On appréciera l'immense Pentagramme en arrière-fond de l'humanoïde, ce robot a depuis été repris à de nombreuses reprises dans des clips de musique pop notamment par la chanteuse Beyoncé, c'est dire l'importance symbolique  qu'il revêt pour les élites...

Frederson maîtrise les hautes technologies... dont la robotique. Chose tout à fait inouïe et incroyable, ce film visionnaire parle déjà, avant l'heure du Transhumanisme, avec une femme robot-cyborg qui se dresse devant un immense pentagramme inversé.

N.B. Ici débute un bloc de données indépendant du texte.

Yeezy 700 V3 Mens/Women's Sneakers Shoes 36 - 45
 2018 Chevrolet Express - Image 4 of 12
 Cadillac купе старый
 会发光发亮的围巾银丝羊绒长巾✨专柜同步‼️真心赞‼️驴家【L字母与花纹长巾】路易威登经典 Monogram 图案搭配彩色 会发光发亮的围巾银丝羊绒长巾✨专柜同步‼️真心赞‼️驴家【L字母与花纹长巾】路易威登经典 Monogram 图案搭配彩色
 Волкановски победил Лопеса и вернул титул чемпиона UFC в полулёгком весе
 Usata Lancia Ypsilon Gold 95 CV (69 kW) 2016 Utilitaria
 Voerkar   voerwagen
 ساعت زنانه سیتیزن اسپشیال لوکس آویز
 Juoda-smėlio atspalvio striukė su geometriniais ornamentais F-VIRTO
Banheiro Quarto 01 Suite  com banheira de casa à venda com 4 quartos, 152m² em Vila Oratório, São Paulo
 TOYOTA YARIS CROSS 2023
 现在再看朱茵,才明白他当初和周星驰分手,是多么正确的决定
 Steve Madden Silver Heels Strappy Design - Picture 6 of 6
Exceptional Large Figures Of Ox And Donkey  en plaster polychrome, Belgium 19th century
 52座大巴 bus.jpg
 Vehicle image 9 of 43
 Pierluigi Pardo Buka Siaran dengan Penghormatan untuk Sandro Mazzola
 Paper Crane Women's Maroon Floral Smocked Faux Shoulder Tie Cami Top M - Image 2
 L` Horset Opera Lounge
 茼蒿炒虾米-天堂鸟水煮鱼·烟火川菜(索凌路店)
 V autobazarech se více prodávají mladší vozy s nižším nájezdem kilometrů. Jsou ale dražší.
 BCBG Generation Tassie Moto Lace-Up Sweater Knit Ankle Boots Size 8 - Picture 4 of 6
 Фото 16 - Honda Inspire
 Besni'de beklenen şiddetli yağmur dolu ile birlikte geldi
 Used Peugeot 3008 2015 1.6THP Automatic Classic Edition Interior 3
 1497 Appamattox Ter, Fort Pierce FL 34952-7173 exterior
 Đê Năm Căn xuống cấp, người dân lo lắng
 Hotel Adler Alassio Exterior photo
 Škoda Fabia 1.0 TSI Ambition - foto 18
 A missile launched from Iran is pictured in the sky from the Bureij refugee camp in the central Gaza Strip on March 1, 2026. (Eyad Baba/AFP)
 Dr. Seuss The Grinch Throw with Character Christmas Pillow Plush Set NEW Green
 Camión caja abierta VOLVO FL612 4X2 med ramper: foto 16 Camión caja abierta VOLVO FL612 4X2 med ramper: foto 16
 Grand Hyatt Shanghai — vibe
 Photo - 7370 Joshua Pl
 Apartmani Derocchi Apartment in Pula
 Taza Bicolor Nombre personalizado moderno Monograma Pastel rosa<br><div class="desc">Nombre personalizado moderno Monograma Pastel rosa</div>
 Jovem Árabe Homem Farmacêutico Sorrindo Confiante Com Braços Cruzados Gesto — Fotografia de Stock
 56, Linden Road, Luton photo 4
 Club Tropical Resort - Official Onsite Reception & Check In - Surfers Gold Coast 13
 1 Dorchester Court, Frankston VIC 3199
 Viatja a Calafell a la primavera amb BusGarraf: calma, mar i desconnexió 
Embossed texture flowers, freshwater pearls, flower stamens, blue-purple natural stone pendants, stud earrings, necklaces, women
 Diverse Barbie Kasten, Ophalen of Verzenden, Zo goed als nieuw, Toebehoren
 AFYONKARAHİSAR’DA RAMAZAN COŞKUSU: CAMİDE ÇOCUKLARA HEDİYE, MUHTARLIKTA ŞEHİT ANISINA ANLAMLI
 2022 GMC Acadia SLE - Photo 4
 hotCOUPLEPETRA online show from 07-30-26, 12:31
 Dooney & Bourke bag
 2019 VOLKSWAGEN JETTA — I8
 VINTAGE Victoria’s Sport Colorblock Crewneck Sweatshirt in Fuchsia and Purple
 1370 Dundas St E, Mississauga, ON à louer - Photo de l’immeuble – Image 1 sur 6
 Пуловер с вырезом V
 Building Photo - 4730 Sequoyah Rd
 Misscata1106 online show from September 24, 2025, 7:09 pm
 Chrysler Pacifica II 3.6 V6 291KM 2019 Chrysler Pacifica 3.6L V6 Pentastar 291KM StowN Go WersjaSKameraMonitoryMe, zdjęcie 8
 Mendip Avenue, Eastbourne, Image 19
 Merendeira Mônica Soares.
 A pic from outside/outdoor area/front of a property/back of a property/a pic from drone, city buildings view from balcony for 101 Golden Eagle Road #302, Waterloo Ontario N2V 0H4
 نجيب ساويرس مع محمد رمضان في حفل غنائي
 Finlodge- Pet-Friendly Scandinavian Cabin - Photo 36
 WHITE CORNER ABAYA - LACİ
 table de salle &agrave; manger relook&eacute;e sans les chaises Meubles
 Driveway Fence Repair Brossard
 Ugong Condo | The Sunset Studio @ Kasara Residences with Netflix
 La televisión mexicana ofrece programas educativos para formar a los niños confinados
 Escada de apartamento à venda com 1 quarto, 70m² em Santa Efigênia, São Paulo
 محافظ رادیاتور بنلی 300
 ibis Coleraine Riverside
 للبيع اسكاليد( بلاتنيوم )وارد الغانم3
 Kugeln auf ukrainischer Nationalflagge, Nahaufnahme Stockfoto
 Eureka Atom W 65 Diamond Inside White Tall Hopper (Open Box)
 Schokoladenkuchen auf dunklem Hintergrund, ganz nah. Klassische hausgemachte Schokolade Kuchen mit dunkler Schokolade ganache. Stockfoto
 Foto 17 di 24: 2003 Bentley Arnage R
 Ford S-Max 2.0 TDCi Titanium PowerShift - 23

Ce robot mi-homme, mi-machine, sorte de nouvel homme divinisé, devient l'objet d'une vraie vénération dans la suite du film... Ce qui est la transgression ultime, car l'homme se vénère lui même, dans tout son orgueil et délaisse son créateur.


La ville décrite dans le film rappelle la Babylone de la Bible, mais aussi la Tour de Babel et renvoie aussi aux immenses cités édifiées de nos jours, notamment en Arabie Saoudite avec le faramineux projet de ville futuriste de NEOM ou encore celle de Dubaï, dans les Emirats Arabes. Là aussi, ces cités sont édifiées dans le sang, au prix du sacrifice de nombreuses vie humaines. Dans la ville de Metropolis, à la surface, dans la ville haute, pendant que les esclaves sont immolés sur l'autel du profit, les élites jouissent d'une vie paisible, insouciante, faite de plaisirs indolents et de culture... Ils vont au théâtre, s'adonnent à des sports de plein air dans de luxuriants jardins suspendus. Ils rayonnent de vie, de joie et de bonheur. Le contraste entre les deux mondes est absolument saisissant !

De la légitimité du pouvoir des classes dirigeantes

Après cette digression, pour en revenir à notre société contemporaine, elle a une structure pyramidale similaire en tout point à celle décrite par Orwell ou Fritz Lang... On pourra d'ailleurs constater qu'à travers toute l'histoire et toutes les civilisations, l’intégralité des groupes humains ont toujours adopté une structure sociale hiérarchique, même dans des sociétés fort hypocritement prétendues égalitaires...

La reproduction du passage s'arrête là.